WHAT THE TASK ASKS. Please restate the entries below word for word, leaving out any pictures.

GIVEN ENTRIES.
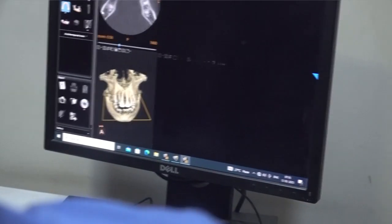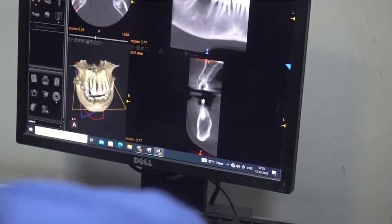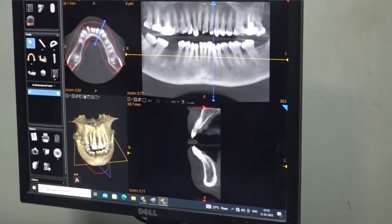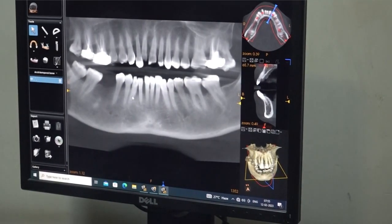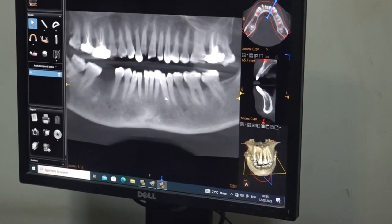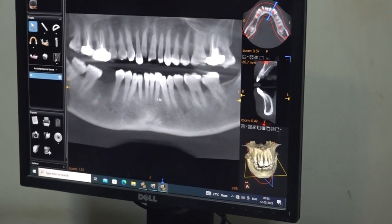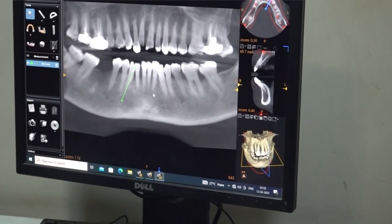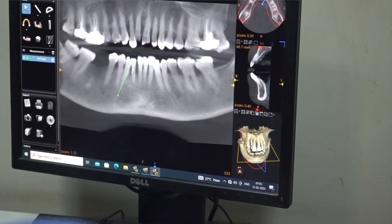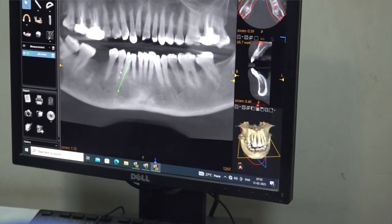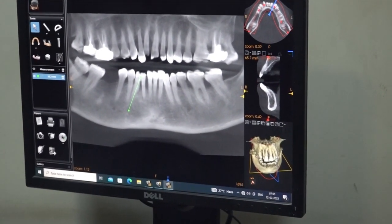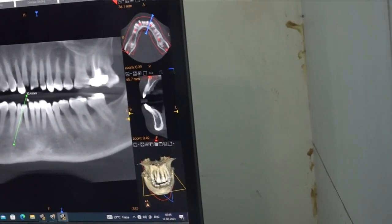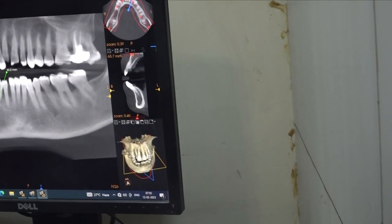We are going to draw the arch form for the lower anteriors. The challenge here is that the canine is closer to the premolar. If you place the implant along the long axis of the tooth, you may end up too close to the premolar. Not only that, the abutment will angulate distally, and you cannot bend it because of the premolar.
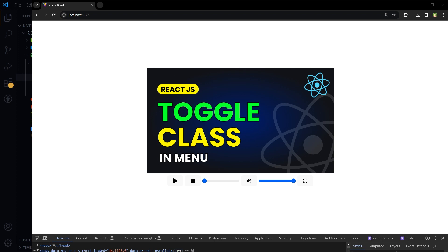Welcome to WebStar Press. In this tutorial we are building a custom video player in React.js — this project can be a nice addition to your portfolio. The interface has a play/pause button, stop button, seek bar or progress bar, volume control slider, and a toggle full screen button.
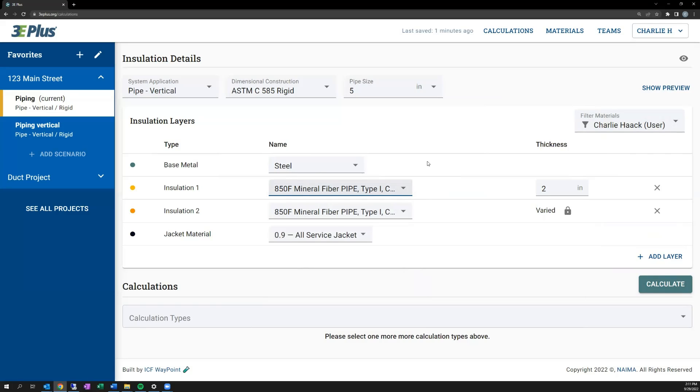Additionally, as you're inputting this information, you don't need to save your project, as it's saved as you go along and move through the inputs.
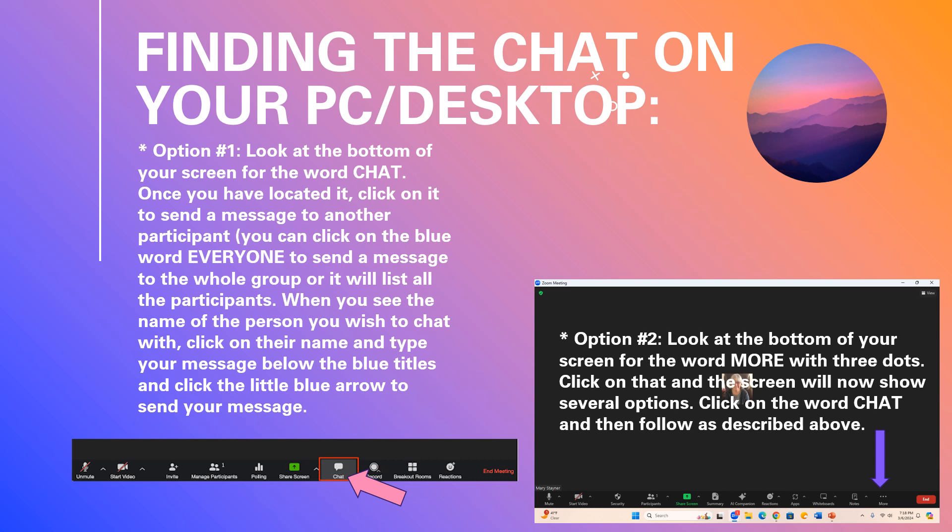Or sometimes you need to click on the word more, where the purple arrow is showing you, and use the three dots. The three dots will show you an option of chat.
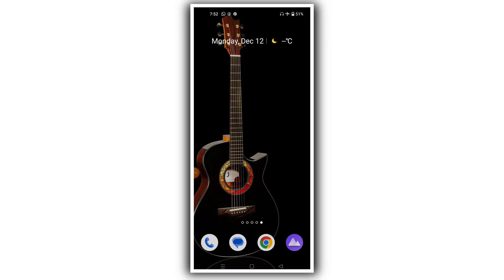Hi guys, what's up and welcome back to a new video. Today we will edit Instagram trending reels using the Alight Motion app.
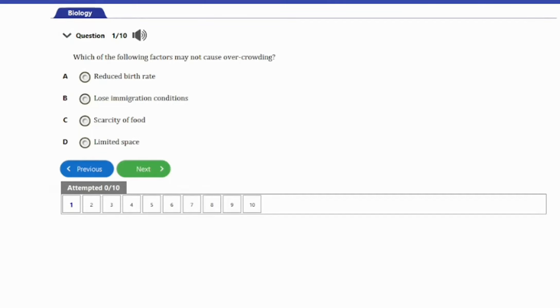Hi guys, welcome to our channel once again. In today's video on our Biological Examination series, we have these 10 cryptic questions to answer on the topic ecological population. This video will be about factors that affect population, so stay till the end. Let's go ahead and start with the first question.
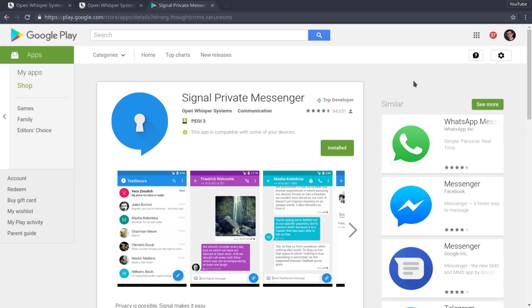And also, the technology that Signal Private Messenger does use, as a side note, is actually also employed by the likes of Facebook and WhatsApp for their end-to-end encryption, which over the recent year or so has actually improved, believe it or not. Facebook have actually done something to improve privacy.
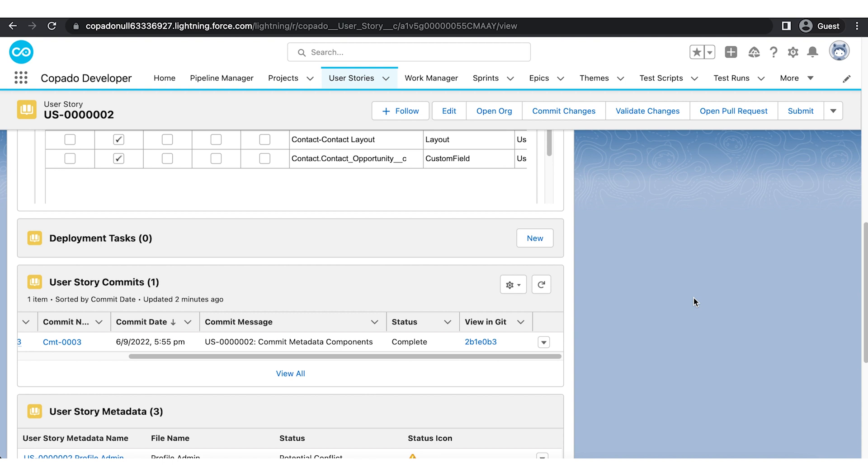Now you know how to commit changes in User Story with Copado. Go ahead and create a User Story in your Playground to see Commit Change Process in action.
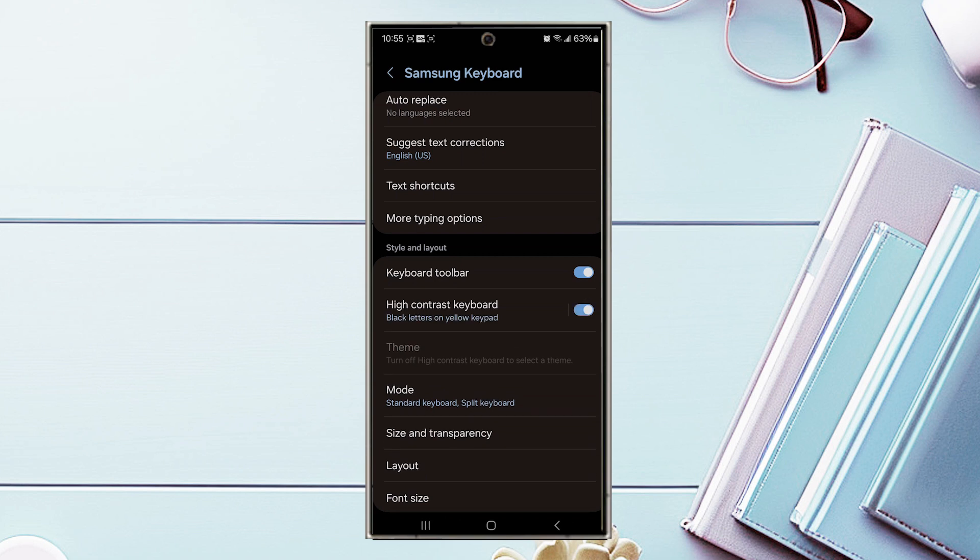So there you have it everyone, just a quick tip on how to turn on or off the high contrast keyboard for the Samsung Galaxy S24 Ultra. If you like this kind of content or find this kind of content helpful, leave a message down below. Don't forget to subscribe and thanks for watching.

SOLUTION TO THIS PROBLEM.
We are going to draw the arch form for the lower anteriors. The challenge here is that the canine is closer to the premolar. If you place the implant along the long axis of the tooth, you may end up too close to the premolar. Not only that, the abutment will angulate distally, and you cannot bend it because of the premolar.
Welcome to WebStar Press. In this tutorial we are building a custom video player in React.js — this project can be a nice addition to your portfolio. The interface has a play/pause button, stop button, seek bar or progress bar, volume control slider, and a toggle full screen button.
Additionally, as you're inputting this information, you don't need to save your project, as it's saved as you go along and move through the inputs.
Or sometimes you need to click on the word more, where the purple arrow is showing you, and use the three dots. The three dots will show you an option of chat.
Hi guys, what's up and welcome back to a new video. Today we will edit Instagram trending reels using the Alight Motion app.
Hi guys, welcome to our channel once again. In today's video on our Biological Examination series, we have these 10 cryptic questions to answer on the topic ecological population. This video will be about factors that affect population, so stay till the end. Let's go ahead and start with the first question.
And also, the technology that Signal Private Messenger does use, as a side note, is actually also employed by the likes of Facebook and WhatsApp for their end-to-end encryption, which over the recent year or so has actually improved, believe it or not. Facebook have actually done something to improve privacy.
Now you know how to commit changes in User Story with Copado. Go ahead and create a User Story in your Playground to see Commit Change Process in action.
So there you have it everyone, just a quick tip on how to turn on or off the high contrast keyboard for the Samsung Galaxy S24 Ultra. If you like this kind of content or find this kind of content helpful, leave a message down below. Don't forget to subscribe and thanks for watching.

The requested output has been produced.